We'll create a synthetic dataset with clear cluster structure to demonstrate archetypal analysis. This controlled environment allows us to evaluate how well the model identifies meaningful archetypes.


In [None]:
# Set random seed for reproducibility
np.random.seed(42)

# Define dataset parameters
n_samples = 200
n_features = 10
n_clusters = 4

# Generate data with clear cluster structure
X_raw, y_true = make_blobs(
    n_samples=n_samples, n_features=n_features, centers=n_clusters, random_state=42, cluster_std=1.2
)

# Add some noise features to make the problem more challenging
noise_features = np.random.normal(0, 0.5, size=(n_samples, 5))
X_raw = np.hstack([X_raw, noise_features])

# Standardize the data
scaler = StandardScaler()
X = scaler.fit_transform(X_raw)

print(f"Dataset dimensions: {X.shape}")
print(f"Number of true clusters: {n_clusters}")

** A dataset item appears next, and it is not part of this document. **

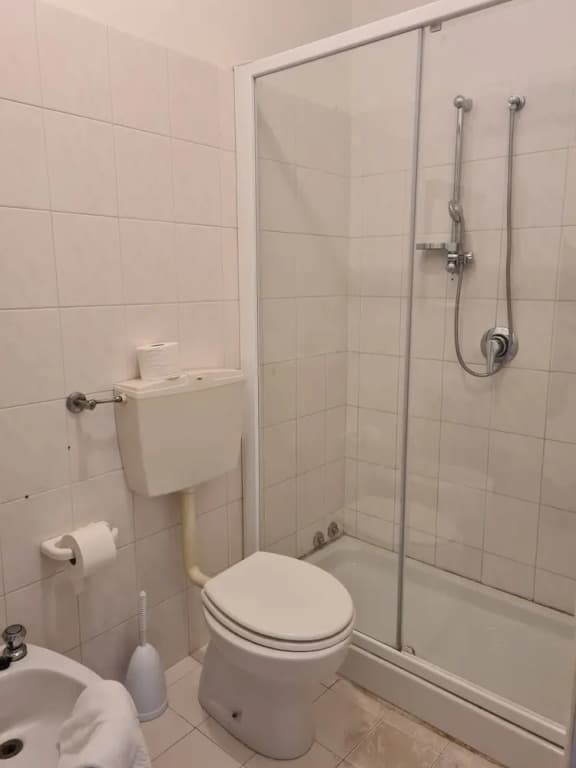 Hotel Grand Majestic - photo 10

## 3. Visualizing the Data Structure

Before applying archetypal analysis, let's visualize the inherent structure in our synthetic dataset to establish a baseline for comparison.


In [None]:
# Create a scatter plot of the first two dimensions colored by true cluster
plt.figure(figsize=(10, 8))
plt.scatter(X[:, 0], X[:, 1], c=y_true, cmap="viridis", s=80, alpha=0.8, edgecolors="k")
plt.title("Data Visualization (First Two Dimensions)")
plt.xlabel("Feature 1")
plt.ylabel("Feature 2")
plt.colorbar(label="True Cluster")
plt.grid(True, alpha=0.3)
plt.show()

# Create a correlation heatmap to visualize feature relationships
plt.figure(figsize=(12, 10))
correlation_matrix = np.corrcoef(X.T)
sns.heatmap(correlation_matrix, annot=False, cmap="coolwarm", center=0)
plt.title("Feature Correlation Matrix")
plt.show()

## 4. Training Multiple Archetypal Analysis Models

We'll train a series of archetypal analysis models with varying numbers of archetypes to identify the optimal configuration for our dataset.


In [None]:
# Define the range of archetype numbers to explore
archetype_range = range(2, 9)  # From 2 to 8 archetypes

# Dictionary to store trained models
models_dict = {}

# Train models for each number of archetypes
for n_archetypes in archetype_range:
    print(f"Training model with {n_archetypes} archetypes...")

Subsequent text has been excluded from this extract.